## [Exercise brief]
Using only the entries below, output the lines starting at the one containing "Vandalizan una unidad" and ending at the one containing "2006 99-06 YAMAHA", exactly and inclusive of both, omitting the pictures.

## [Records provided]

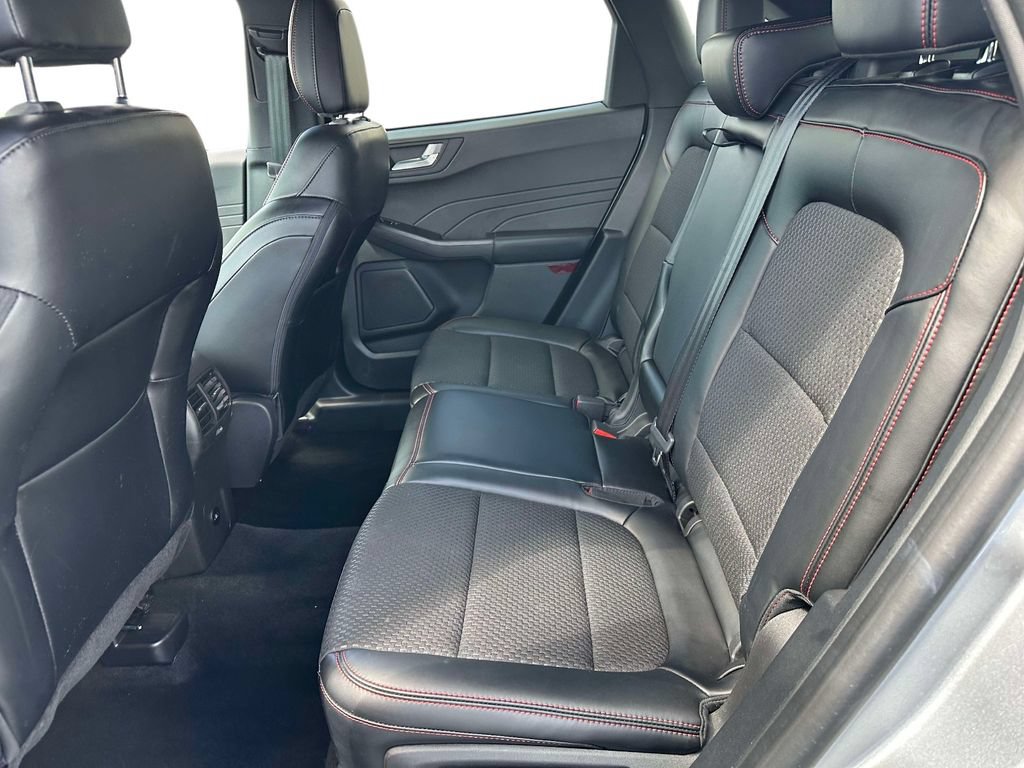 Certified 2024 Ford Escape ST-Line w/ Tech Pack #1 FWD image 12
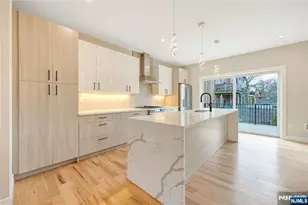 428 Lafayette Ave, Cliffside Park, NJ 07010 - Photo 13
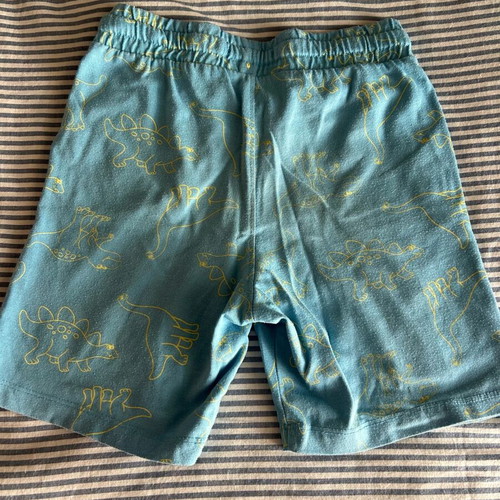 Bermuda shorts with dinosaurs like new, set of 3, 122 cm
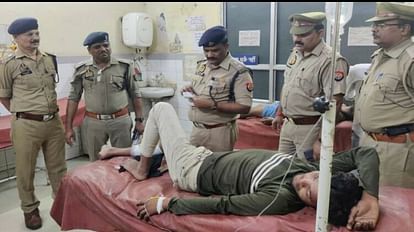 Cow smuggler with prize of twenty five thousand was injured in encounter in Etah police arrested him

--

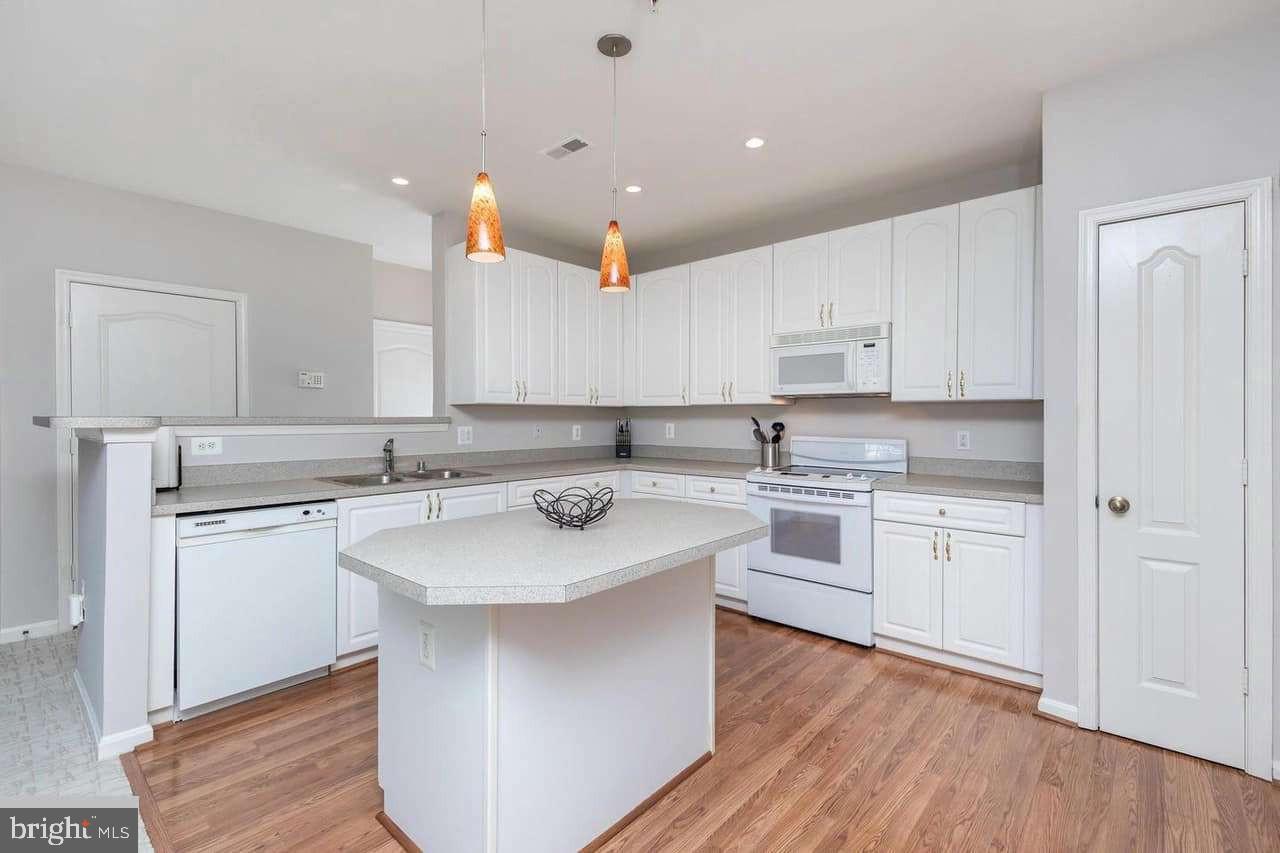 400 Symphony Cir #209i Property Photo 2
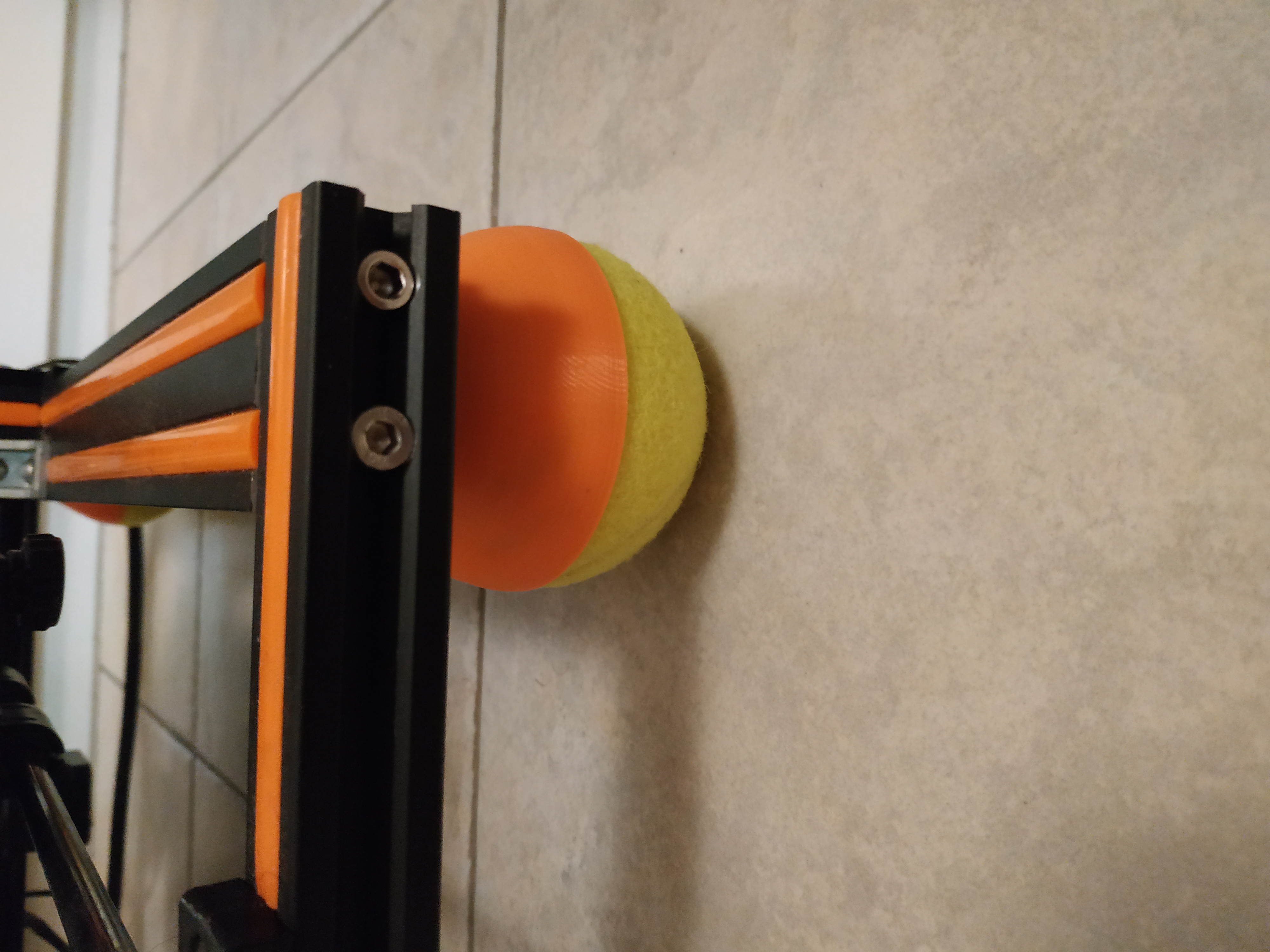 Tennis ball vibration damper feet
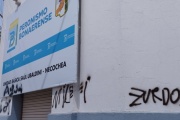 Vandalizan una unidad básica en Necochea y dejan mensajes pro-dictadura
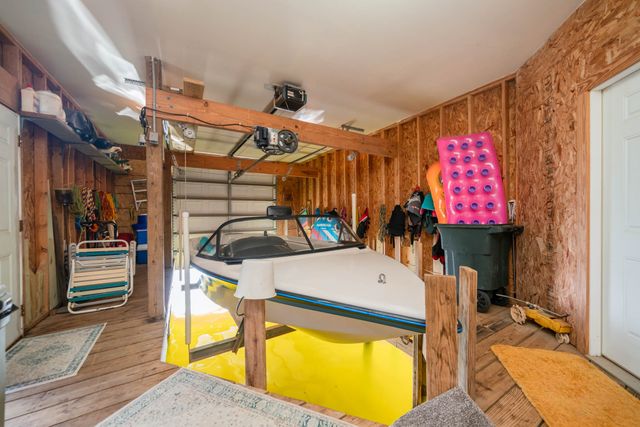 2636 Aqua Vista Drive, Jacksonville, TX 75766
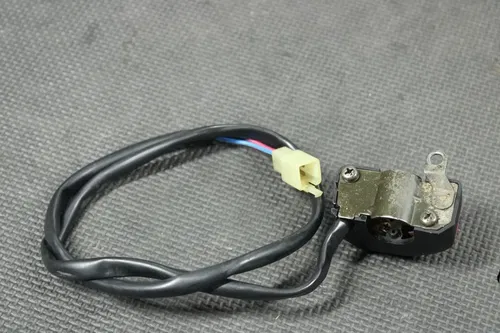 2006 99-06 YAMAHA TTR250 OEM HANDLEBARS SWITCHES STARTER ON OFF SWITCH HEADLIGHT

## [Output for this exercise]
 Vandalizan una unidad básica en Necochea y dejan mensajes pro-dictadura
 2636 Aqua Vista Drive, Jacksonville, TX 75766
 2006 99-06 YAMAHA TTR250 OEM HANDLEBARS SWITCHES STARTER ON OFF SWITCH HEADLIGHT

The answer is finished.